There are real barriers to dropping into your body to do the work of healing toward wholeness. We practice our faith in a disembodied church in the larger context of a disembodied society. Yet, there are simple things you can do today to begin your journey toward the healing and wholeness that comes from embodied spirituality. Three pathways back home to our bodies include breath, movement, and reflective writing.
Once a day, take three slow, conscious breaths. Feel your body expanding on your inhale and releasing on your exhale. Bring your attention to the sound, rhythm, and texture of your breath. Our breath can deepen the connection between our minds and bodies. It can deepen our connection between our inner lives and the world around us. Allow your breath to be a prayer that invites you back home to your body and to the present moment. Feel the Spirit moving in and through you.
Once a day, move your body with great attentiveness. Roll your shoulders and neck slowly. Choose a staircase to walk up slowly and be grateful while you climb. Lay with your legs up against the wall for a few minutes and allow the floor and wall to hold you up. Stand up tall and acknowledge the strength and symmetry of your skeleton. Remember you have a body. Choose a prayer posture that may feel unfamiliar and notice how it shifts your energy. As a spiritual practice, I go outside every day, spread out my toes, and look up all the way at the sky. I remember how vast and beautiful the universe is. My face and shoulders soften. It shifts something in my body and spirit, inviting me to stay awake to my life and the world around me.

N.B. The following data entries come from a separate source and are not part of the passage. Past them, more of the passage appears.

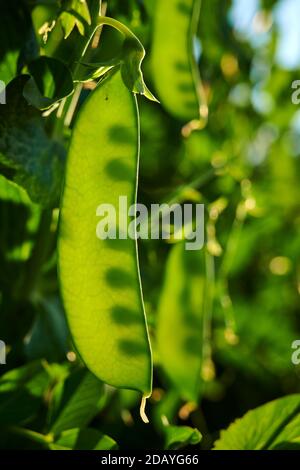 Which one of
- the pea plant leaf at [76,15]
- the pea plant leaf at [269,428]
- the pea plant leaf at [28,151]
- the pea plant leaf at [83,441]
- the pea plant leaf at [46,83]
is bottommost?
the pea plant leaf at [83,441]

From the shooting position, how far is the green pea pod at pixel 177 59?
0.65 m

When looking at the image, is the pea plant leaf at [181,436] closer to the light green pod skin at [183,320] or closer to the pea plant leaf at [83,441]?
the pea plant leaf at [83,441]

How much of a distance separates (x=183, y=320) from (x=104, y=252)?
0.86 ft

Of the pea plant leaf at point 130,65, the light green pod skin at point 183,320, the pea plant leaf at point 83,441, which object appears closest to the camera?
the pea plant leaf at point 130,65

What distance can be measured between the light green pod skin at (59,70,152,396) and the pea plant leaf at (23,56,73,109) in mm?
28

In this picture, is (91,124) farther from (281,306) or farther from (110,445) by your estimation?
(281,306)

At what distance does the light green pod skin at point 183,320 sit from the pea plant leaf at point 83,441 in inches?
6.7

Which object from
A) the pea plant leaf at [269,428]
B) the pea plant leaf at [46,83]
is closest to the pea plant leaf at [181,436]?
the pea plant leaf at [269,428]

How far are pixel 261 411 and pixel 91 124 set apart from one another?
0.25m

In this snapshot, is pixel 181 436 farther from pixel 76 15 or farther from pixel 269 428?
pixel 76 15

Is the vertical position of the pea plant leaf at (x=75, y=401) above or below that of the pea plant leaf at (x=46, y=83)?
below

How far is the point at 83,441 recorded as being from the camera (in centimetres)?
57

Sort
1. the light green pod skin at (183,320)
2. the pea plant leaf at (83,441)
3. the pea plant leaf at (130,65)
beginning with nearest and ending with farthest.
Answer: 1. the pea plant leaf at (130,65)
2. the pea plant leaf at (83,441)
3. the light green pod skin at (183,320)

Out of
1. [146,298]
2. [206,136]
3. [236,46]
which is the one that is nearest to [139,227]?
[146,298] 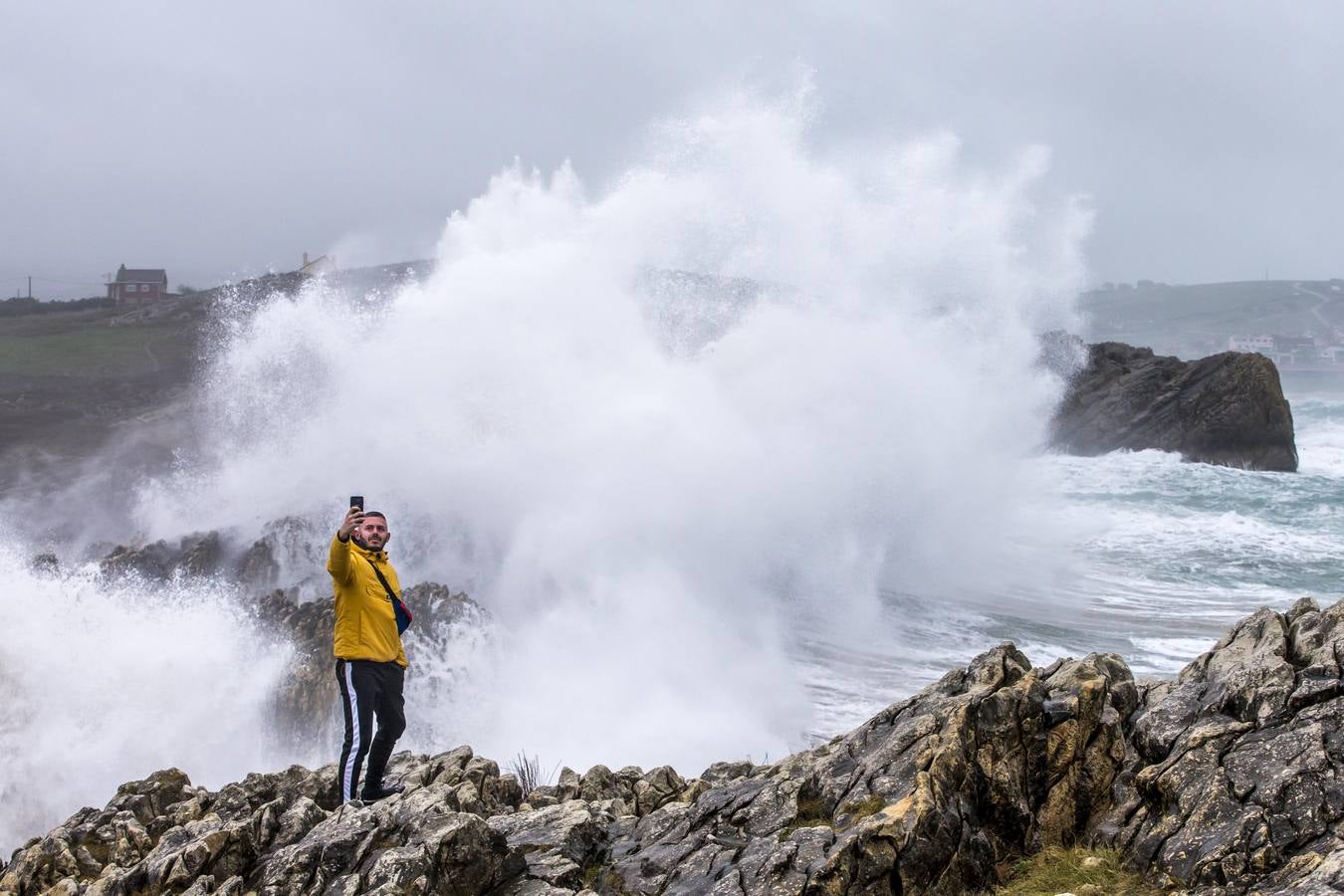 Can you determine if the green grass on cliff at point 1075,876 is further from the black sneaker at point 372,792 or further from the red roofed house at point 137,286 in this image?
the red roofed house at point 137,286

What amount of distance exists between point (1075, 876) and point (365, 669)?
3.55 meters

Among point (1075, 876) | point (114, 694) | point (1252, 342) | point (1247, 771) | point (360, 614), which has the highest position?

Set aside some time to do reflective writing about your body. What messages have you received from others about your body? How do you talk to your body? How do you treat your body? What barriers keep you from experiencing your body as home? What is the coolest thing your body can do? What do you enjoy doing while your body is moving or still? Choose a body part and write some memories you have around that body part over the years. Take some time to thank your body and appreciate it. What is your body’s story?

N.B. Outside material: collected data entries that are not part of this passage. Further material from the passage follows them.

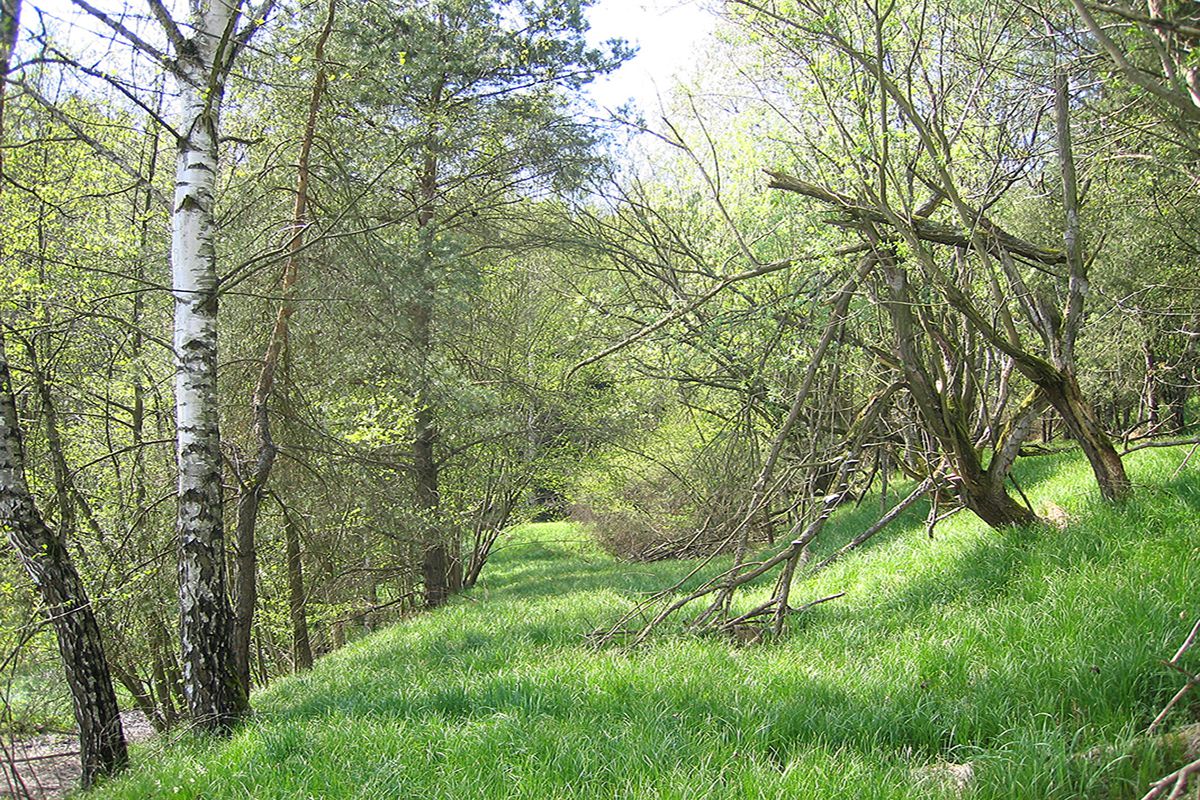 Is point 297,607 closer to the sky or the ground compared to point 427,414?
closer to the ground

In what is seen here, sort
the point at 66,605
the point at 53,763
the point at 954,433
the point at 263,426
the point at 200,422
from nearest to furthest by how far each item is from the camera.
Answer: the point at 66,605
the point at 200,422
the point at 954,433
the point at 263,426
the point at 53,763

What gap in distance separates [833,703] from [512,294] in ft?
39.5

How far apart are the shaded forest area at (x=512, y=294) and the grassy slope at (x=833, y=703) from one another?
520mm

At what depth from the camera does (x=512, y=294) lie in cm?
1491

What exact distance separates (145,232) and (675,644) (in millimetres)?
9061

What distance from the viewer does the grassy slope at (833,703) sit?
302 centimetres

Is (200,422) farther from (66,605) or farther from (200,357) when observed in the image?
(66,605)

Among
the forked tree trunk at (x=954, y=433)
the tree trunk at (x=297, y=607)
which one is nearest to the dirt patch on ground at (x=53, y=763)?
the tree trunk at (x=297, y=607)

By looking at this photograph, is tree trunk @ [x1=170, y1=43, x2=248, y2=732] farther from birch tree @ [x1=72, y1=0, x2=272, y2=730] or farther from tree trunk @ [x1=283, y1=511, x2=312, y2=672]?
tree trunk @ [x1=283, y1=511, x2=312, y2=672]

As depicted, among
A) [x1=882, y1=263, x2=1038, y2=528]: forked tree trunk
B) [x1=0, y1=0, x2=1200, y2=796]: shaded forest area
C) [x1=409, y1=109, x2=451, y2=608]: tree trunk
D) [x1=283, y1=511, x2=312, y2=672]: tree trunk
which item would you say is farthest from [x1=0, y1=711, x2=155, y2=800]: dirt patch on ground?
[x1=882, y1=263, x2=1038, y2=528]: forked tree trunk

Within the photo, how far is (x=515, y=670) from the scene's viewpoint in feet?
17.3

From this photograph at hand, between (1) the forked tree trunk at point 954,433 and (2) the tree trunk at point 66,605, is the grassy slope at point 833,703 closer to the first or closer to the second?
(1) the forked tree trunk at point 954,433

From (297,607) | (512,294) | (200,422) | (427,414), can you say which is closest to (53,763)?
(297,607)

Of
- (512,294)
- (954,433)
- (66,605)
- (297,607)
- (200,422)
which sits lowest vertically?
(297,607) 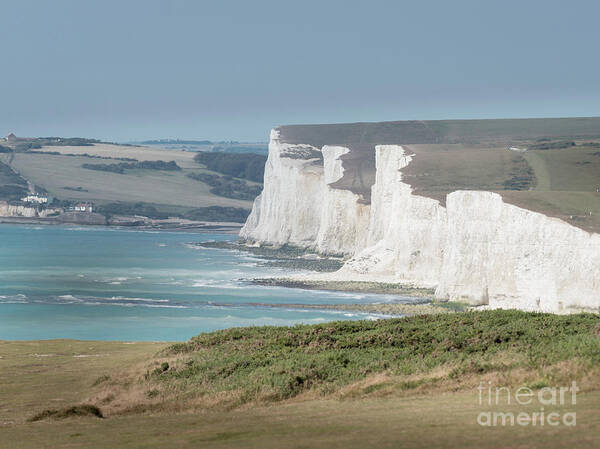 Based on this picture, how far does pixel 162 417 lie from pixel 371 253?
60774 millimetres

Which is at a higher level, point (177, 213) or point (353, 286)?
point (177, 213)

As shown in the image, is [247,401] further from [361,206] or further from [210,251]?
[210,251]

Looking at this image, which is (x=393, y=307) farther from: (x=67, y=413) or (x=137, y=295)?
(x=67, y=413)

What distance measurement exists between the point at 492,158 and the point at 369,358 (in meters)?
78.6

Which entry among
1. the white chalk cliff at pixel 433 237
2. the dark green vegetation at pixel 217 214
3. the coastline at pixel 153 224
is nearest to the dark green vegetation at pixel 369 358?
the white chalk cliff at pixel 433 237

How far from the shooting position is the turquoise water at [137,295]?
177 feet

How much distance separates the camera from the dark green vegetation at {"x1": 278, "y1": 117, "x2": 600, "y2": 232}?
206ft

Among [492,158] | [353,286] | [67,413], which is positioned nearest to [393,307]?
[353,286]

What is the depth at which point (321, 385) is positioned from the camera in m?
22.3

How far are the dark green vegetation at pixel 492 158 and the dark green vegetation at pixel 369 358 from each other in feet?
89.5

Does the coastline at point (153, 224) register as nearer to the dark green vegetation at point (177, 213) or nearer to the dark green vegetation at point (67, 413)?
the dark green vegetation at point (177, 213)

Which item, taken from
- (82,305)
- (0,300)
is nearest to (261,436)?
(82,305)

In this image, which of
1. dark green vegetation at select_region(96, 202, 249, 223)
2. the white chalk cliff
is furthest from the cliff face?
dark green vegetation at select_region(96, 202, 249, 223)

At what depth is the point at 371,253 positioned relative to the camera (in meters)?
81.3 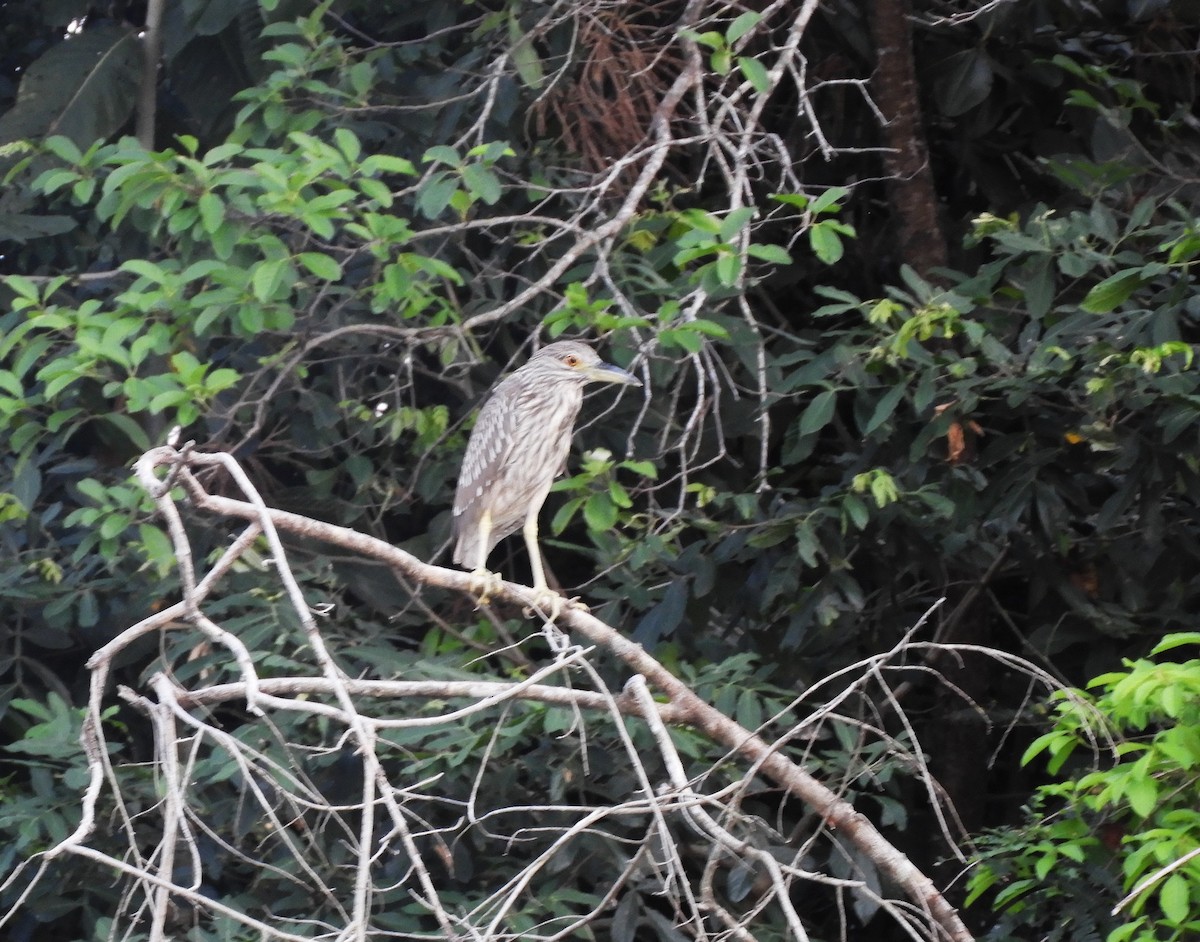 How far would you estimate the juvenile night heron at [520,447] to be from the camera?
4340mm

These simple practices are a starting point. The more moments we can show up embodied, the more hope we have of living in healing and wholeness in our communities.
In my early 30s, I had two miscarriages in a row. It was a season of deep loss and sadness. I wanted to be a mother so badly, and I was so scared that would not be part of my body story. I focused on what I didn’t have instead of what I did. I wondered, Is my body enough?
Eventually, I gave birth to a son, who came into the world with the most luminous face I have ever seen. Then another son followed, luscious and loving. I held my two boys in my two arms with embodied gratitude. There could have been nothing, but there is something. And that something is very good.
One morning, my baby discovered his hands, staring at them with curiosity and reverence. “Isn’t it lovely?” I cooed. “You have two hands. One. Two. So do I. One. Two. You are going to do such beautiful things with those beautiful hands.” I cried a little as I told him this. I believed it for him. I believe it for me, and I believe it for us.